Entering the Presence of God
This should tell us something about our prayers. R.A. Torrey said:
“A person should never utter one syllable of prayer, either in public or in private, until we are definitely conscious that we have come into the presence of God and are actually praying to Him.”
That’s really important. Because we can be praying prayers just to ourselves. The same things we say over and over. The empty words that we have by habit and rote repeat. Those are just words. Prayer is when we are talking to the Lord, and He hears us. We are in His presence.

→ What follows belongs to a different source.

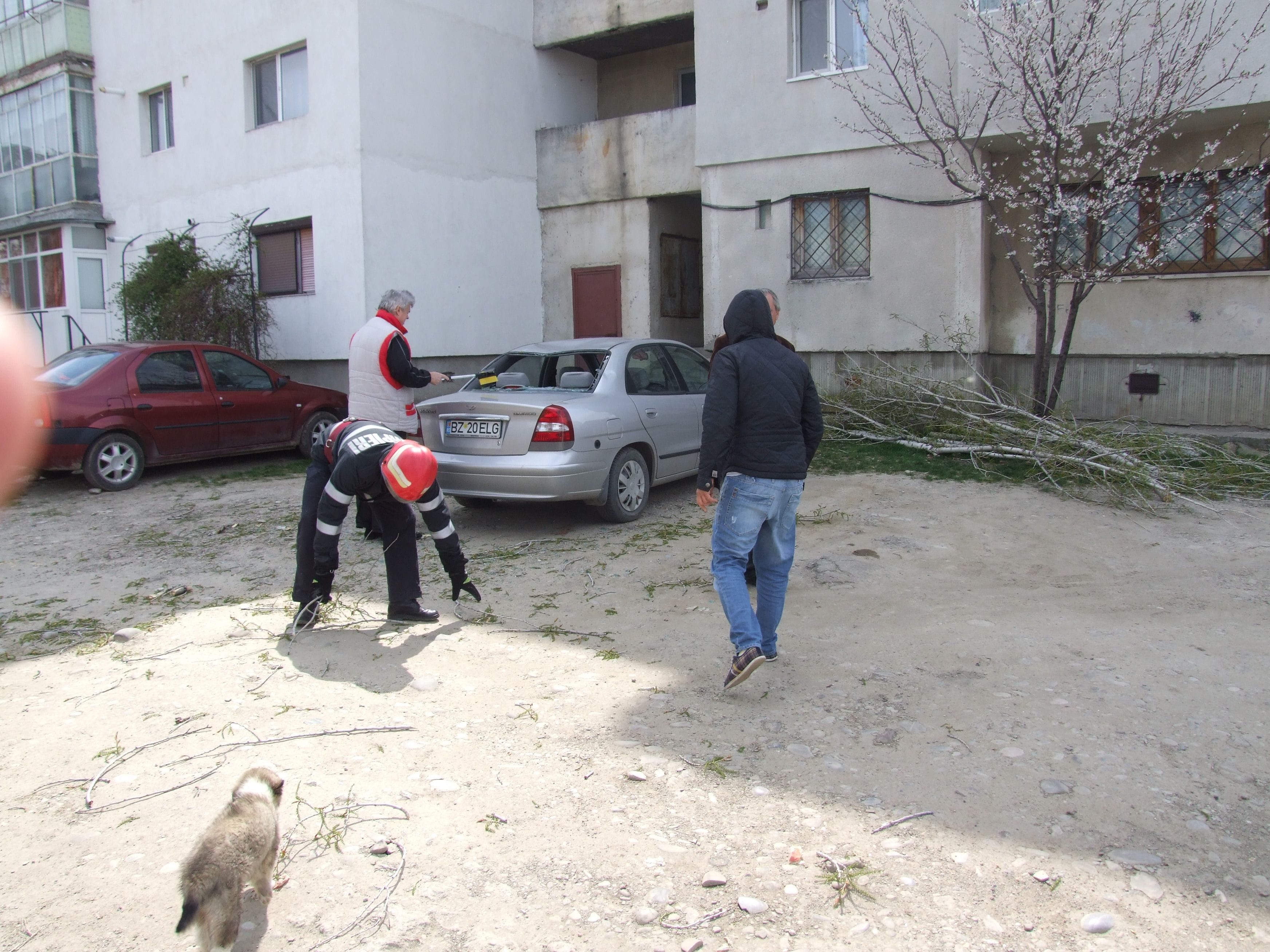 Autoturism avariat de un plop rupt de vântul puternic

When we realize we’re in the presence of God, prayer is not an irksome duty, it’s a great privilege. We begin to experience the actual presence of God, the infinite, transcendent, omnipotent God in all His majesty, who we come to as our Father, who loves us. Our hearts will be changed. And the kinds of prayers we pray will be changed. We find our life.
Let me pray for us.
Father, I am so thankful for the incredible cost that Christ paid to make us His sheep. To wash us from our sins, to clean us up, to make us presentable, to perfect us, and ultimately one day glorify us. The cost that He undertook and paid on the cross, the cost of His very life, every good deed, every perfect thing that He worked in this world, the infinite cost of bearing the penalty of our sin. Father, when we think about all of that, it is overwhelming to us. And it is that that gives us access to Your presence. It is that that enables us to know that when we are talking this morning, we are talking to You here. I thank You, Father, for hearing our prayers. I pray, Lord, that You change our heart to seek You, to find the joy of Your presence. And Lord, I pray that that changes the way we pray, the kinds of requests we make. And Lord, we pray indeed that Your name be hallowed, and Your will be done. This we truly ask, coming to You through the authority of our Savior, the Lord Jesus. Amen.